Supplied records =
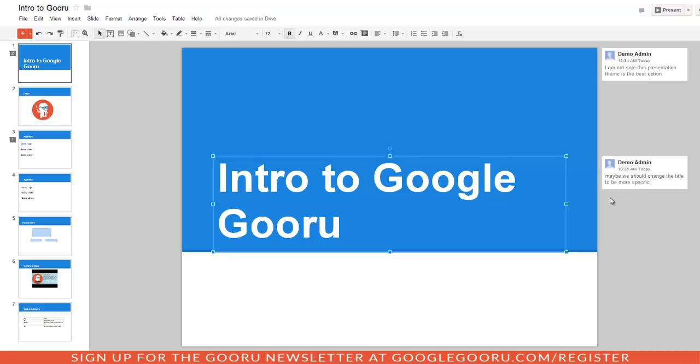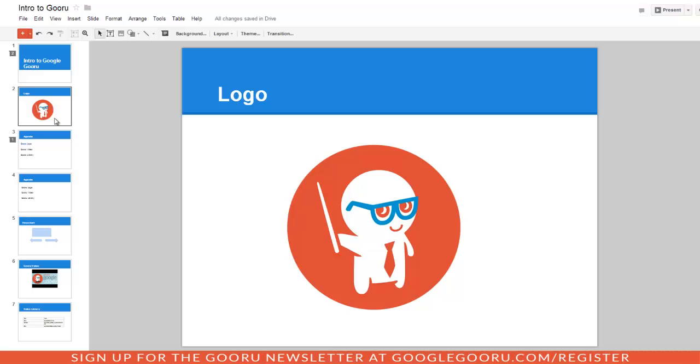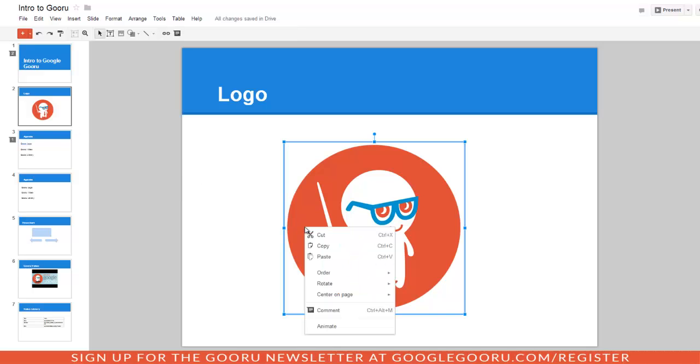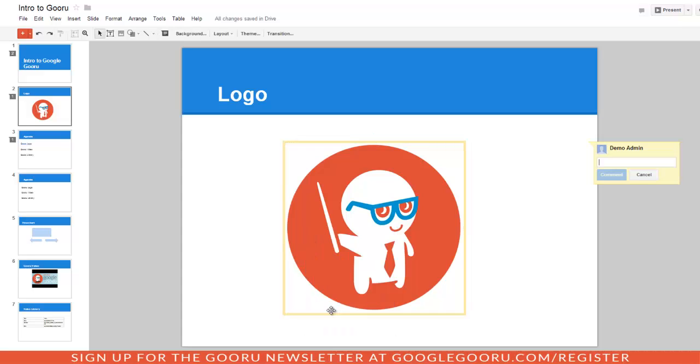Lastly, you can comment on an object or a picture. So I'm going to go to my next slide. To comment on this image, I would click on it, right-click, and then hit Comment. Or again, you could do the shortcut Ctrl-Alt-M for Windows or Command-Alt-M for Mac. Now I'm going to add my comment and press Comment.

---

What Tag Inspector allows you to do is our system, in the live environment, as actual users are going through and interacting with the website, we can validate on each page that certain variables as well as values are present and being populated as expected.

--

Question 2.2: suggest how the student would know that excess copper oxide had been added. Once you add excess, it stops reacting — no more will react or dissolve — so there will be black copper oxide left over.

Task directions =
Reply with nothing but a number: how many lines of the entries above contain the string "that"?

Completed task =
2